◆ WHAT TO DO ◆
Retype, word for word, every line from the one holding "Juego de Sofás" through the one holding "Piraten Schatkaart Kleurplaat 101367 39859" in the entries below, both included, and only those lines.

◆ RECORDS FOR PROCESSING ◆
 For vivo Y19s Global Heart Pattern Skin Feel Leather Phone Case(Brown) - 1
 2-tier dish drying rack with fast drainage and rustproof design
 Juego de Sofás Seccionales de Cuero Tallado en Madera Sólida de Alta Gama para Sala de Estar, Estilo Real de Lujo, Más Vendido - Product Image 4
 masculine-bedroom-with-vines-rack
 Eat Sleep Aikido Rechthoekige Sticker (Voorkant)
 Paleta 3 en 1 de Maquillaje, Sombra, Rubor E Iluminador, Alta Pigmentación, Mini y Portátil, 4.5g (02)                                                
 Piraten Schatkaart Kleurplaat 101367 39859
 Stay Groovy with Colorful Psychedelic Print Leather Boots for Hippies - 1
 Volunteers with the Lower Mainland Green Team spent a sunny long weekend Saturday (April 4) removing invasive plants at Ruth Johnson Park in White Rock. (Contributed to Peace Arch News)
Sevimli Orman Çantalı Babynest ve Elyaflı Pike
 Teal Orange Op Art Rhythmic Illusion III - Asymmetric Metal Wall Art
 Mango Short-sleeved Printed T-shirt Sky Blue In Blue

==

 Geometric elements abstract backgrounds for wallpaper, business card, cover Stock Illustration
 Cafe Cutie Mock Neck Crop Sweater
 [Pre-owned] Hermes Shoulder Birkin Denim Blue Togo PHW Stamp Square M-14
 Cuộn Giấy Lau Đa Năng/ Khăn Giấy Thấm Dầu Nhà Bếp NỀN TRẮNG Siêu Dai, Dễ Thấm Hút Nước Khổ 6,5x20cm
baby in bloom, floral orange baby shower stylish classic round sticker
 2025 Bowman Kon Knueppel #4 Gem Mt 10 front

...

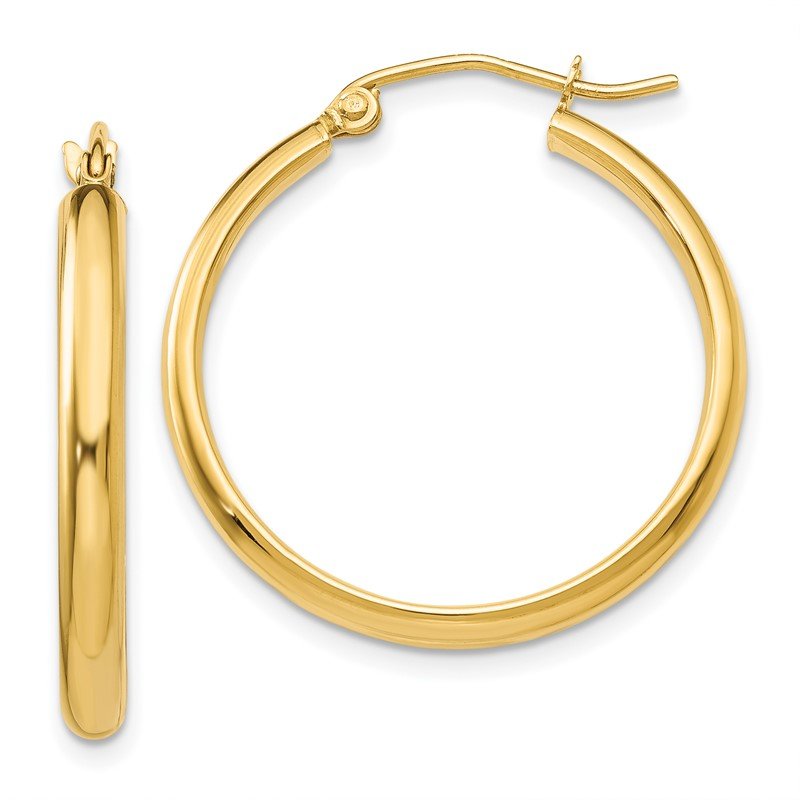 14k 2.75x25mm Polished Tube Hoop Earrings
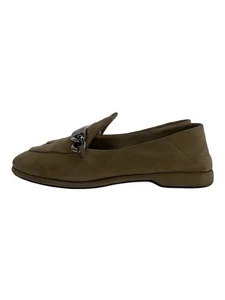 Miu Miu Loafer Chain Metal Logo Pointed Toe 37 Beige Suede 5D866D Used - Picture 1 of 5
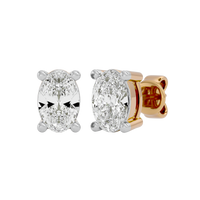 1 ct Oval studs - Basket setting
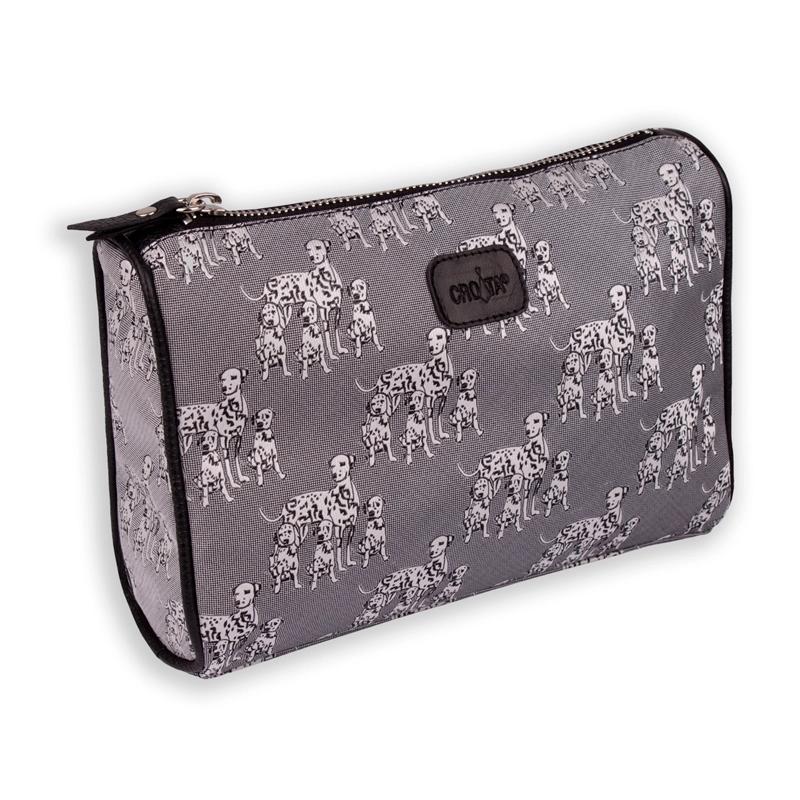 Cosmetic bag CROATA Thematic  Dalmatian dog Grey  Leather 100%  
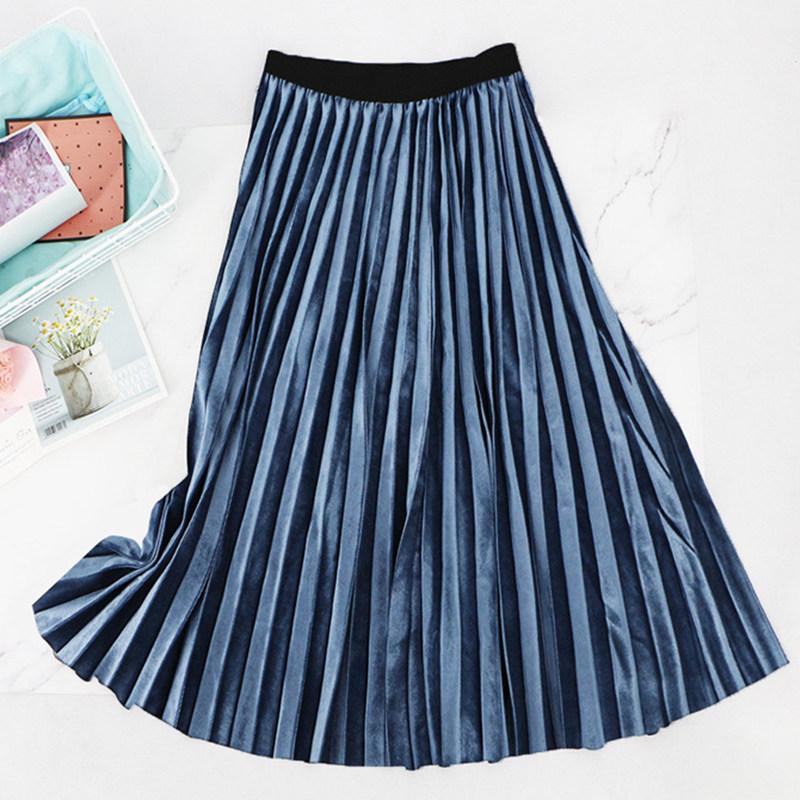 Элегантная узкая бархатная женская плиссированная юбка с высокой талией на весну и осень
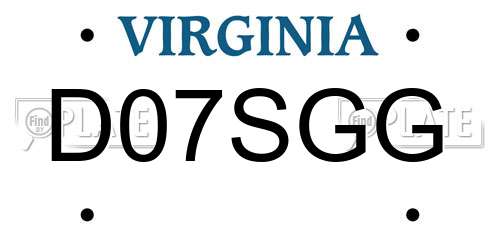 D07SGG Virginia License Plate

◆ ANSWER TO THIS EXERCISE ◆
 Juego de Sofás Seccionales de Cuero Tallado en Madera Sólida de Alta Gama para Sala de Estar, Estilo Real de Lujo, Más Vendido - Product Image 4
 masculine-bedroom-with-vines-rack
 Eat Sleep Aikido Rechthoekige Sticker (Voorkant)
 Paleta 3 en 1 de Maquillaje, Sombra, Rubor E Iluminador, Alta Pigmentación, Mini y Portátil, 4.5g (02)                                                
 Piraten Schatkaart Kleurplaat 101367 39859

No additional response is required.